Andrew Bonnet

Profile
- Position: Fullback

Personal information
- Born: December 27, 1992 (age 33) Council Bluffs, Iowa, U.S.
- Listed height: 6 ft 3 in (1.91 m)
- Listed weight: 250 lb (113 kg)

Career information
- High school: Underwood (IA)
- College: North Dakota State
- NFL draft: 2016: undrafted

Career history
- Carolina Panthers (2016)*; Cincinnati Bengals (2016)*; Philadelphia Eagles (2016–2017)*;
- * Offseason or practice squad member only

Awards and highlights
- 5× FCS national champion (2011–2015); 2014 Sports Network All-America Third-team; 2014 College Sporting News "Fab 50" All-America; 2014 All-MVFC First-team; 2012 MVFC All-Newcomer Team;
- Stats at Pro Football Reference

= Andrew Bonnet =

American football player (born 1992)

Andrew Bonnet (born December 27, 1992) is an American former football fullback.
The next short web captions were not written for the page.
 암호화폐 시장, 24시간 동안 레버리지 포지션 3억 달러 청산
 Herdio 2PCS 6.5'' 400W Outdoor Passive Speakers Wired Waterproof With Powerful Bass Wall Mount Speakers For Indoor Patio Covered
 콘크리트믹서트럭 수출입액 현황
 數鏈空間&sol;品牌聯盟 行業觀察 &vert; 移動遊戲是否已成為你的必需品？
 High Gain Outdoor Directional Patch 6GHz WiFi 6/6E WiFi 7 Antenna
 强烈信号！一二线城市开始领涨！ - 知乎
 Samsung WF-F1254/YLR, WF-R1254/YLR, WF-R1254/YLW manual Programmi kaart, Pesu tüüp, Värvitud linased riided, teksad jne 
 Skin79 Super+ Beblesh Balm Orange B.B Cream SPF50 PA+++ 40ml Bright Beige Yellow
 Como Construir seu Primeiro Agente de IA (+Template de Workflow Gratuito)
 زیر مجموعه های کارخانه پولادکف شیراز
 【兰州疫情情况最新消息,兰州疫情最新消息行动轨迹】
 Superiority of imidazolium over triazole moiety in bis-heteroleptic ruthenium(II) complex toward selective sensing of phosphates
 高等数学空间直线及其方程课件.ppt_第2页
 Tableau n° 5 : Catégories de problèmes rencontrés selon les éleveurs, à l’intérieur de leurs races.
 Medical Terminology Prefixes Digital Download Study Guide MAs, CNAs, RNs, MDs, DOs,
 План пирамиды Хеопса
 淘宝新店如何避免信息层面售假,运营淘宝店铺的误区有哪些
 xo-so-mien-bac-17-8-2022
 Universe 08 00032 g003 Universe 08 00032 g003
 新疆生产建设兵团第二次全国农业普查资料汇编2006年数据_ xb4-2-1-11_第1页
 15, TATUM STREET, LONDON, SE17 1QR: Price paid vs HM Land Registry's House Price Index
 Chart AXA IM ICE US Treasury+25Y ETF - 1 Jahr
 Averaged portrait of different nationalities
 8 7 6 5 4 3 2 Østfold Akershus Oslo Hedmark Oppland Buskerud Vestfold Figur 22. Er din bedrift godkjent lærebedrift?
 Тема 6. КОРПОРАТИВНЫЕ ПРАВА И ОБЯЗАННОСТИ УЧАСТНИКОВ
He played college football at North Dakota State University.

==Professional career==

===Carolina Panthers===
After going undrafted in the 2016 NFL draft, Bonnet signed with the Carolina Panthers on May 2, 2016. On May 20, 2016, he was waived by the Panthers.

===Cincinnati Bengals===
Bonnet was then signed by the Cincinnati Bengals. On September 3, 2016, he was waived by the Bengals.

===Philadelphia Eagles===
On September 5, 2016, Bonnet was signed to the practice squad of the Philadelphia Eagles. He was released on October 11, 2016. He later signed a reserve/future contract with the Eagles on January 12, 2017. On May 4, 2017, he was released by the Eagles.